Предметное построение пейзажа подчиняется общим принципам использования вещи в художественной системе Чехова.
7
Последний вид текста, роль предмета в котором нужно рассмотреть, – характеристика персонажа. Этот вид повествования по самой своей сути должен включать вещи только строго отобранные, говорящие о существенных сторонах внешнего и внутреннего облика героя. Кроме того, характеристика выключена из фабульного движения и повествовательного времени, не принадлежит никакой ситуации и посему должна быть свободна от ситуационных предметов.
Поэтому особенно любопытно, подчиняется ли этот вид текста общему случайностному принципу отбора предметов.
В рассказе «Володя большой и Володя маленький» героиня характеризуется таким образом: «Рита, кузина госпожи Ягич, девушка уже за тридцать, очень бледная, с черными бровями, в pince-nez, курившая папиросы без передышки даже на сильном морозе; всегда у нее на груди и на коленях был пепел. Она говорила в нос, растягивая каждое слово, была холодна, могла пить ликеры и коньяк, сколько угодно, и не пьянела, и двусмысленные анекдоты рассказывала вяло, безвкусно. Дома она от утра до вечера читала толстые журналы, обсыпая их пеплом, или кушала мороженые яблоки».
Последняя подробность (отметим, что дана она в предельно конкретной форме: «мороженые») никак не становится в один ряд с остальными, имеющими весьма определенный смысл.
Дело не в том, что эта подробность мелка. В понятие «крупной» и «мелкой» детали в художественной системе вкладывается значение иное, чем в эмпирической действительности; масштаб художественный несоотносим с масштабом реальным. Дело в том, что подробность эта не значима ни социально (как pince-nez, папиросы), ни портретно-психологически (как бледность, черные брови, произношение в нос, толстые журналы и т. п.). Она – знак того же случайностного изображения, которое мы видели в других видах текста.

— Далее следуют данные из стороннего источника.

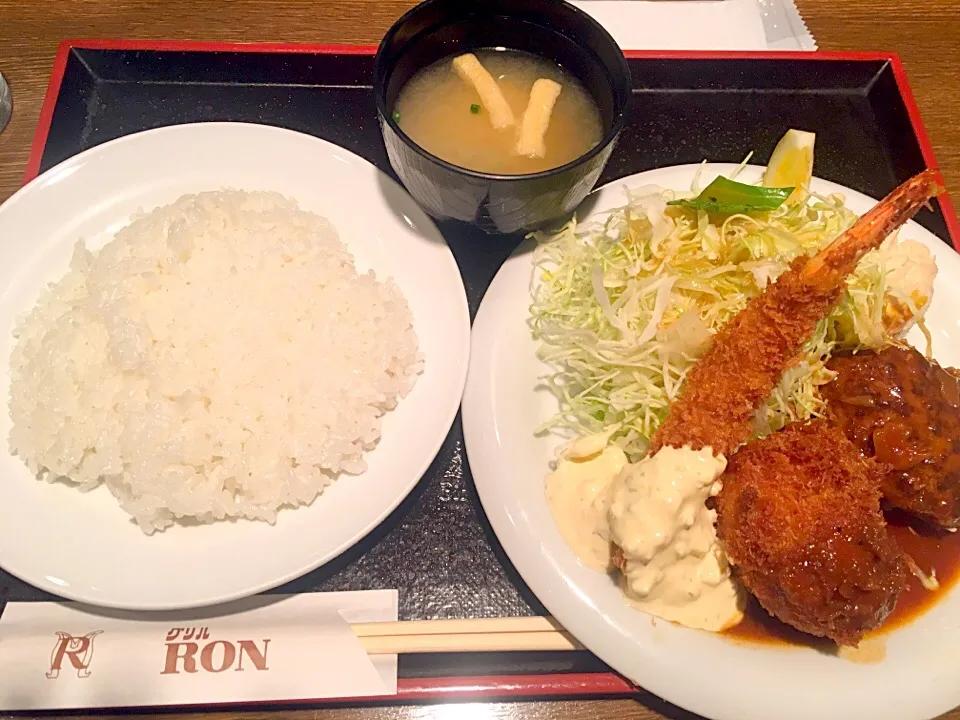 洋食
エビフライが美味でした♡|みきゃこさん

Примерами таких характеристик могут служить приведенные выше (см. гл. IV, 2) отрывки из «Палаты № 6». Эти характеристики относятся к центральным героям; кузина Рита – персонаж второстепенный. Случайностный способ у Чехова универсален; он не зависит от места персонажа в иерархии действующих лиц произведения.

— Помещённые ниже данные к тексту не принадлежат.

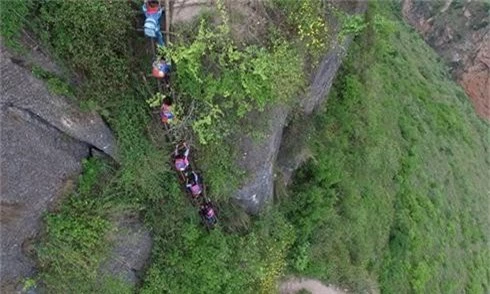 Sốc: Trẻ em một ngôi làng Trung Quốc leo vách núi 800m để tới trường - ảnh 3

Классический образец строго целесообразной предметной характеристики – Гоголь. Сам Гоголь говорил, что он собирает «все тряпье, которое кружится ежедневно вокруг человека» [119]. Но это было не «всё», а, так сказать, характеристическое тряпье; каждый предмет – «говорящая» деталь. «Стол, кресла, стулья – все было самого тяжелого и беспокойного свойства, – словом, каждый предмет, каждый стул, казалось, говорил: „и я тоже Собакевич!“ или: „и я тоже очень похож на Собакевича!“» («Мертвые души»). «Сущность художественной рисовки у Гоголя, – писал В. Розанов, – заключалась в подборе к одной избранной, как бы тематической черте создаваемого образа других все подобных же, ее только продолжающих и усиливающих черт, с строгим наблюдением, чтобы среди их не замешалась хоть одна, дисгармонирующая им или просто с ними не связанная черта (в лице и фигуре Акакия Акакиевича нет ничего не безобразного, в характере – ничего не забитого)» [120].